If desired, crew members could be added to the cockpit (they aren’t included, but Skybirds sold suitable figures separately) and lastly the aerials and propeller would be attached. Note that the propeller and spinner are a single piece and won’t move once fixed.
So, having looked more closely, I doubt that the assembly skills required are beyond most people (or even me). The undercarriage might be a challenge, and the celluloid is extremely flimsy, but with a little care and some minor cursing, I reckon there would be a fair chance of achieving a satisfactory result. In fact, it strikes me that it might not be more of a challenge than the less-than-perfect Airfix plastic kits that I used to struggle with back in the 1970s. Like them, some simple tools would be required (e.g. glue, a knife or chisel, pliers), and joins would need to be filled; and like them, the odd part might not fit exactly and end up a bit skew-whiff.
Where I do have some concerns though, is with the painting guide. It’s worth mentioning up front that although decals for the roundels are provided, tail flashes (and any other markings) are not, so the instructions expect you to paint these freehand! Tricky.

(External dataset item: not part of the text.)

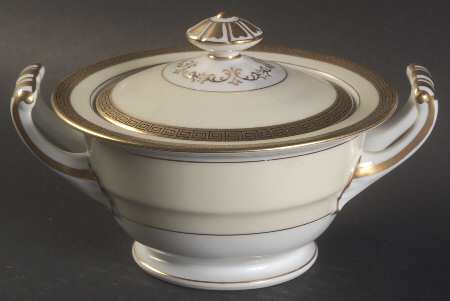 Gracewood Sugar Bowl & Lid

A more general consideration, is that the GAD plan does not indicate the colours or markings that should be used. As a result, things like the nature of the camouflage pattern, where the different colours transition, and exactly where the decals should be placed, are guesswork. Of course, in the case of our Henley in 1940, such detailed information about a current warplane is likely to have been classified and thus unavailable – but the general point still stands, and it is, I think, a weakness with Skybirds kits.

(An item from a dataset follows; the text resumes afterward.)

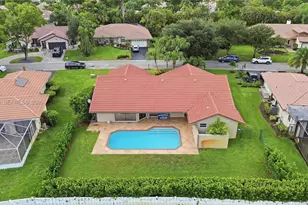 866 NW 110th Ave, Coral Springs, FL 33071 - Photo 39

In conclusion, when I first thought about putting together a vintage mainly wooden, multimedia kit, it seemed a little daunting. However, Skybirds went a long way to making the task as simple as possible, e.g. by pre-shaping the wooden and composite components and providing metal details. Diagrammatic instructions, and a painting plan really would have been useful, but then the kit is not hyper-detailed. The parts are reasonable representations, and certainly appear likely to capture the shape and look of the Henley.
Overall, I’m quite impressed by it. In fact, if they weren’t so rare and expensive these days, I’d be tempted to have a go. After all, as we shall see in later stories, many people were able to make a decent model from a Skybirds kit.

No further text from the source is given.